The first thing that stuck me about Murder Among Children was the cover of the battered hardback that the Iron Wood Michigan sent via inner library loan was the Cover.

If you can't see it,it's a coffee cup, saucer and spoon. I doubt anyone in 1967 ever thought that coffee and coffee shops would become what they are today. I doubt that the hippie wannabe Beatnik coffee joint would give way to starbucks and a million small chains and local places. It's an interesting place to look back and realize just how radical the concept of the coffee house was in the late 1960s. You throw in some upstart religious weirdos and you have a pretty average guy Tobin peering into this world and trying to figure out who has it out for the kids and why.

On the surface it is about the murder and about Tobin being forced out from behind his wall and having to face an imperfect world. It's this element that pushes the novel beyond the standard PI story-- it really deals with Tobin's guilt about what drove him off the force and his inability to seemingly forgive himself.

Westlake was a master and the Tucker Coe books are well worth seeking out. I look forward to checking out where Westlake took Tobin in the third book.

Wednesday, August 4, 2010

Books July 2010

Here’s the recap on what I read this past month:

Expiration Date by Duane Swierczynski

From Booklist

Mickey Wade, an unemployed journalist, moves into his grandfather’s apartment in the family’s old Philadelphia neighborhood and, after gobbling a few aspirin to fight a hangover, finds himself beamed back to the day of his birth in 1972. Turns out those weren’t your garden-variety aspirin but, rather, the pills a crackpot scientist had created as part of a government-funded plan to investigate out-of-body travel. Only, in Mickey’s case, he can only go back to the early 1970s. But there’s plenty to do there: if he can somehow divert the young boy who will eventually murder Mickey’s father, he can change his family’s history

A lot of things really hit home for me from this book. I was born in ‘72, and lost my father at the age of ten, and have often felt like my life isn’t what it should have been because of the loss of my father. I was reading this in the weeks right after my mother funeral and dealing with that loss and change in my life also colored my experience reading the book. Overall it was another home run for Swierczynski and I look forward to what he is going to do next.

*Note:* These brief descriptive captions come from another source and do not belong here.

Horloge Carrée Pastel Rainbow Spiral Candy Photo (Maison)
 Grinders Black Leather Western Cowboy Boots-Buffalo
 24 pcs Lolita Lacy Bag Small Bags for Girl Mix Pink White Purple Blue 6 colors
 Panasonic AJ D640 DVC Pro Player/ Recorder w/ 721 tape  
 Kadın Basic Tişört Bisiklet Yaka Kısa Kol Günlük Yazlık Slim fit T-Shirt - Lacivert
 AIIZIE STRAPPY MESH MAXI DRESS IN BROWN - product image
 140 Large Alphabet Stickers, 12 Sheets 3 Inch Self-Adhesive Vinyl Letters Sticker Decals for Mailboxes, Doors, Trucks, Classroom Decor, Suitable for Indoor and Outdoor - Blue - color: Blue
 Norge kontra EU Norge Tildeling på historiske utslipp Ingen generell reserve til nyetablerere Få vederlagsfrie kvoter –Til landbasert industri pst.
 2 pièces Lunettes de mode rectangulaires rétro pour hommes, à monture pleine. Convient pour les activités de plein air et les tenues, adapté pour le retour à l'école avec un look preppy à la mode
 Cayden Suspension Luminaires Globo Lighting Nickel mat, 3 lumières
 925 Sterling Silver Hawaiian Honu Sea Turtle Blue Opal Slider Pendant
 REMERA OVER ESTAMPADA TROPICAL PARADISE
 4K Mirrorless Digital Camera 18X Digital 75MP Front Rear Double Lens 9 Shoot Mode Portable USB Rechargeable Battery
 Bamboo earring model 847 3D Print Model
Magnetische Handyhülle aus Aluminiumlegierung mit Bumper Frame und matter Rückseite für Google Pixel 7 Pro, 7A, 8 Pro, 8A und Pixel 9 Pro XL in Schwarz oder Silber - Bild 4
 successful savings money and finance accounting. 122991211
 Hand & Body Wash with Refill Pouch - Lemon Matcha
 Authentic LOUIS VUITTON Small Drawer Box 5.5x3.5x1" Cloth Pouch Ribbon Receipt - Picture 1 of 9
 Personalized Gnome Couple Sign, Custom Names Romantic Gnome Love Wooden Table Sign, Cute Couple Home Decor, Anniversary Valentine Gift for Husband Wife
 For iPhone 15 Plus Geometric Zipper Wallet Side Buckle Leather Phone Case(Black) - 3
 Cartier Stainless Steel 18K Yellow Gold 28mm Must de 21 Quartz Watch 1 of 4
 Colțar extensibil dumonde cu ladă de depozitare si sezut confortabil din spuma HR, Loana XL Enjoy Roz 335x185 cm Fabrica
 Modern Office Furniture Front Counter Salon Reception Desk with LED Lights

AK-47 : the weapon that changed the face of war by Kahaner, Larry.
Combining the history of the Development of the AK 47 with it’s cultural history this book as an insightful look into how the AK and it’s perforation have effected out world. Form it’s origin as a weapon to protect the USSR from another aggressor like Nazi Germany, to it’s iconic use by revolutionaries, terrorists and criminals, this book both educates the reader and brings home the reality that the AK had been the true weapon of mass destruction in the last 60 years.

Next by Hynes, James.
I love Ann Arbor Michigan and I hate Ann Arbor Michigan. It’s a world unto it’s self and there are certain cultural realities, attitudes and practices that thrive in A2 that you just don’t see out there in the rest of the world. This book is really all about that culture and how it’s has effected (and in the case of this book stunted) those who live here.

Dutch Uncle by Peter Pavia
You can check out my review HERE (I liked the book BTW)

Deadly Welcome by John D MacDonald
I started out reading a different MacDonald book this month, Write for Details, and was quickly disenchanted with it--- I think it’s a relic of it’s time. Deadly Welcome has a bit of that dated feel, but there is something that’s always true-- people will forever think you are who and what they recall you as being. The story is pretty basic, Alex Doyle is a State Department employee who is sent back to his hometown to look into the death of the wife of a US Government asset who has been out of the loop for a while. The brass want the asset back in play, and Doyle looks like the man for the job--- only he’s remembered locally for a crime he claims he didn’t commit. I think that you can see where that was all going, only along the way MacDonald deals with the very real issues of personal history, growth and the way in which many places want you to stay the same. It’s a fast pulpy read that rises above the litter.